• **WHAT THIS TASK INVOLVES**
Reproduce exactly the lines of the material beneath, from the line that contains "this 600×400 image." to the line that contains "this 250×188 image.", both included, and no other lines.

• **SOURCE DATA**
↓↓↓

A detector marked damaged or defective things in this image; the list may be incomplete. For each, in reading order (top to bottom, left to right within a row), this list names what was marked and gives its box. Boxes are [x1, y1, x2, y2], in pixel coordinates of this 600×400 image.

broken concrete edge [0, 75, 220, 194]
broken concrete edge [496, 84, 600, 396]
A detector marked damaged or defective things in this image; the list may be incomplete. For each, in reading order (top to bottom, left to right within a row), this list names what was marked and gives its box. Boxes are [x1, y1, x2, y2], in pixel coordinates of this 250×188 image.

↑↑↑
↓↓↓

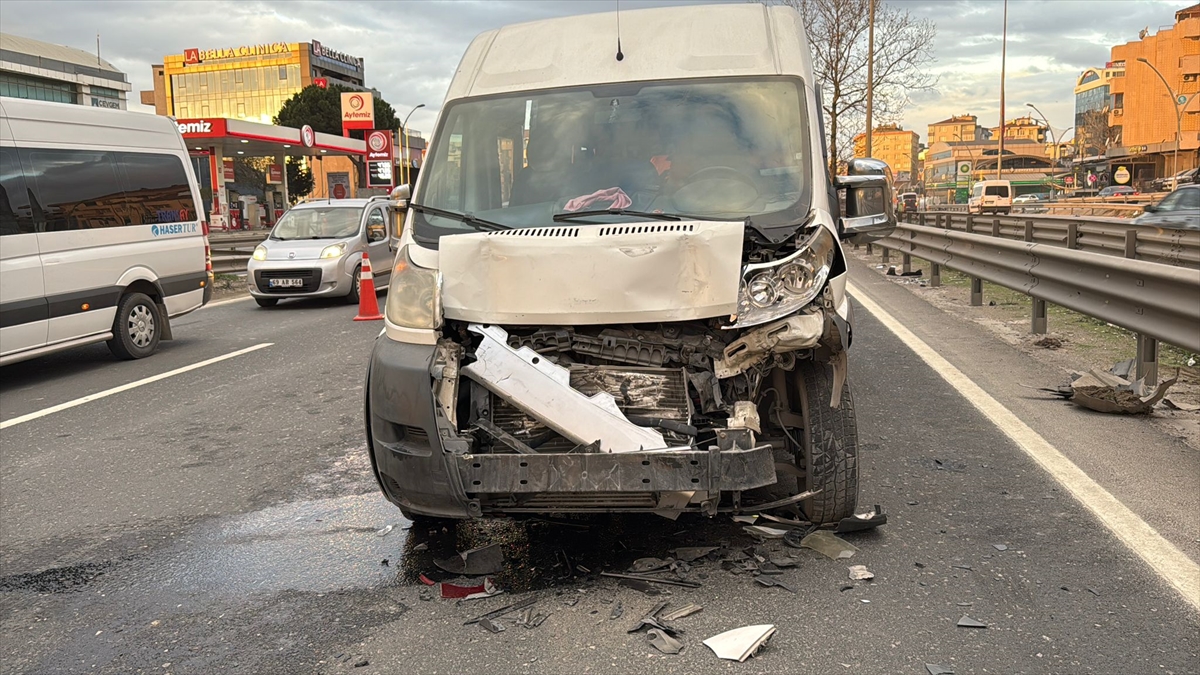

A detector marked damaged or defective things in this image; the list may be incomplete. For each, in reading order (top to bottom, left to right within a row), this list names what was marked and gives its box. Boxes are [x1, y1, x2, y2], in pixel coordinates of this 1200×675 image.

↑↑↑

• **YOUR RESPONSE**
A detector marked damaged or defective things in this image; the list may be incomplete. For each, in reading order (top to bottom, left to right within a row), this list names what was marked and gives its box. Boxes are [x1, y1, x2, y2], in pixel coordinates of this 600×400 image.

broken concrete edge [0, 75, 220, 194]
broken concrete edge [496, 84, 600, 396]
A detector marked damaged or defective things in this image; the list may be incomplete. For each, in reading order (top to bottom, left to right within a row), this list names what was marked and gives its box. Boxes are [x1, y1, x2, y2], in pixel coordinates of this 250×188 image.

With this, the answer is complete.